Para pasar de cierto pensamiento patológico vernáculo, que atribuye al garantismo y al abolicionismo todos los males del sistema penal, se suma lo expresado por Carlos Rosenkrantz, firme candidato a cubrir una de las vacantes de la Corte Suprema de Justicia de la Nación, hombre categóricamente vinculado con el establishment local (la cartera de clientes de su estudio jurídico así lo indica). En ocasión de la audiencia pública celebrada en el Senado de la Nación y a preguntas que le formulara el senador Julio Cobos relacionadas con el problema de la inseguridad, sostuvo que las penas del Código Penal son draconianas, y que no se puede seguir insistiendo con dar respuesta delito por delito, que se trata de una fórmula fracasada y que la cuestión es sistémica, esto es, que debe ser abordada en forma integral.

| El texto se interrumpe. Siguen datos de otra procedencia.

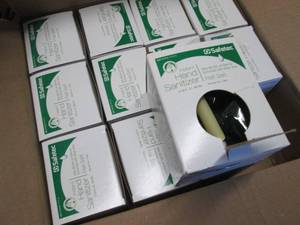 Case of 12- 800 ml Safetec Hand San...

Finalmente, colocando un broche de oro a esta serie de redefiniciones del mundo penal, nada más y nada menos que la Conferencia Episcopal Argentina publicó un documento encabezado con el versículo: “Estuve preso y me viniste a visitar”, donde también se apuntan importantes definiciones, en línea con las preocupaciones reiteradamente expuestas por el papa Francisco. Los obispos comienzan diciendo que nadie por haber delinquido pierde su condición de personas, de hijo de Dios y miembro de la familia humana, para pasar a sostener que “en una sociedad donde se multiplican los hechos delictivos, estamos convencidos de que la solución oportuna para resolverlos no se alcanza simplemente con penas más duras y con más cárceles”.

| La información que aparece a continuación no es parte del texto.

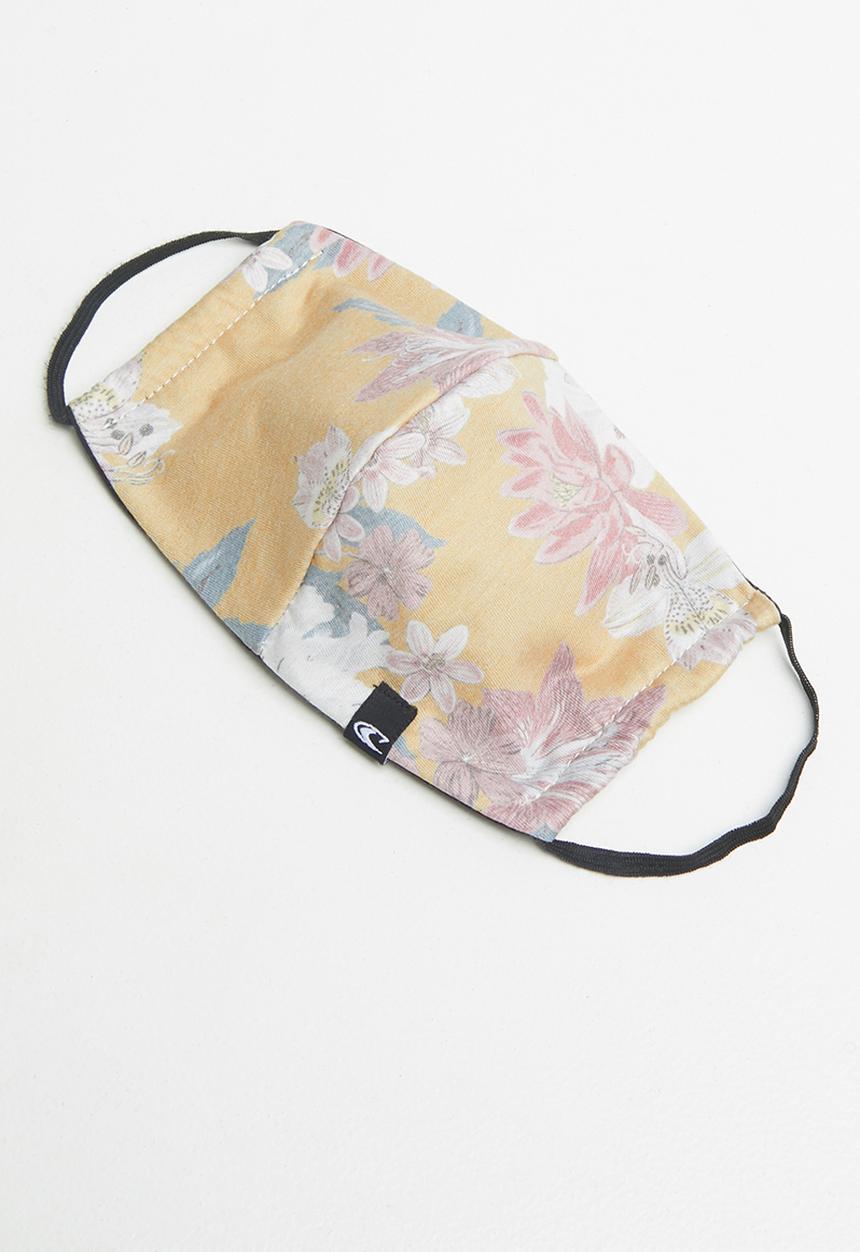 O'Neill - Golden lily face mask - yellow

En uno de los tramos centrales del documento se llama a tratar la problemática de la existencia de presos sin condena, la ausencia de proyectos y programas que reduzcan al mínimo el período de detención, los casos de las personas a las que se debería dar un tratamiento penal alternativo fuera de la cárcel, dado que padecen enfermedades graves o terminales, o son mujeres embarazadas, o personas con capacidades diferentes, o de adultos de edad avanzada y las personas con problemas de droga, en su gran mayoría jóvenes, que necesitan un ambiente distinto a lo que ofrece la cárcel.

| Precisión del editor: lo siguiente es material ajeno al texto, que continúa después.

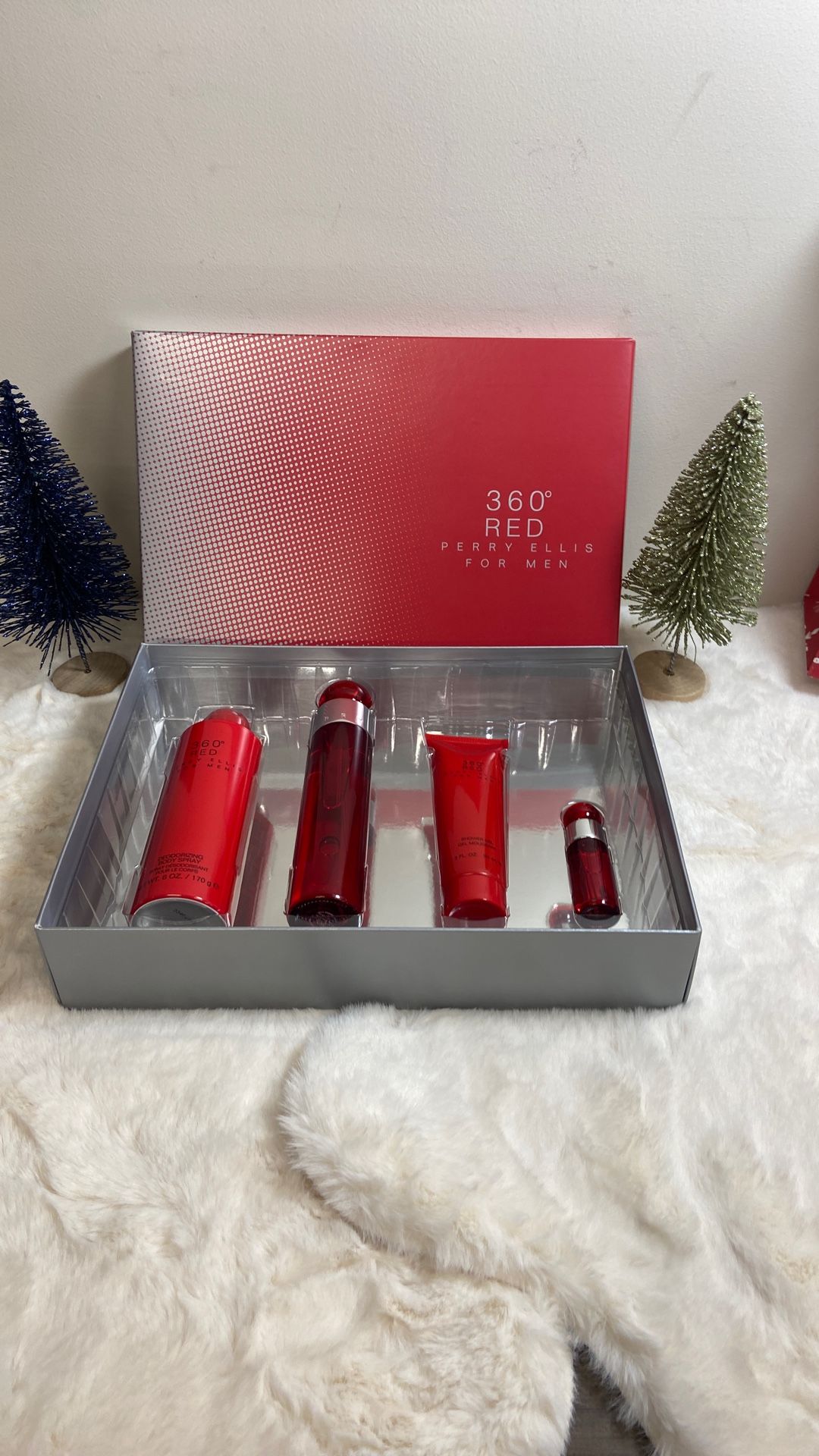 360 RED PERRY ELLIS FOR MEN PARFUM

Tres contundentes definiciones que, si omitiéramos a sus autores, seguramente atribuiríamos a algún pensador abolicionista o, al menos, acentuadamente garantista. Sin embargo, reiteramos, se tratan nada más y nada menos que definiciones del ministro de Justicia bonaerense, uno de los probables jueces de la Corte Suprema y la Conferencia Episcopal Argentina.
Es que la recurrencia a las fórmulas remanidas, que han ocupado el centro de la escena en los últimos años (incremento de penas, más cárceles, más policías, detenciones indiscriminadas) exhiben un fracaso tan rotundo que se torna indisimulable, aun para los sectores del pensamiento más conservadores, pero que, sin embargo, tienen la honestidad intelectual de admitir que hay que variar los enfoques y las respuestas estatales, si es que deseamos obtener mejores resultados.
No se trata de resolver la cuadratura del círculo y seguir perdiendo el tiempo en discusiones banales. De lo que se trata es de tomar referencia (no imitar) en experiencias exitosas en las materias que nos preocupan y tratar de seguir esas orientaciones. Tal el caso de la República Oriental del Uruguay en materia penitenciaria o Medellín, Curitiba, Porto Alegre o Aguascalientes en seguridad pública y política criminal.
Apreciamos con beneplácito que las nociones de la convivencia y la pacificación vayan ganando espacio en el amplio debate que debe generarse en torno a las sensibles cuestiones de la construcción de una sociedad con seguridad para todos sus habitantes, sin exclusiones basadas en la condición social, económica o cultural.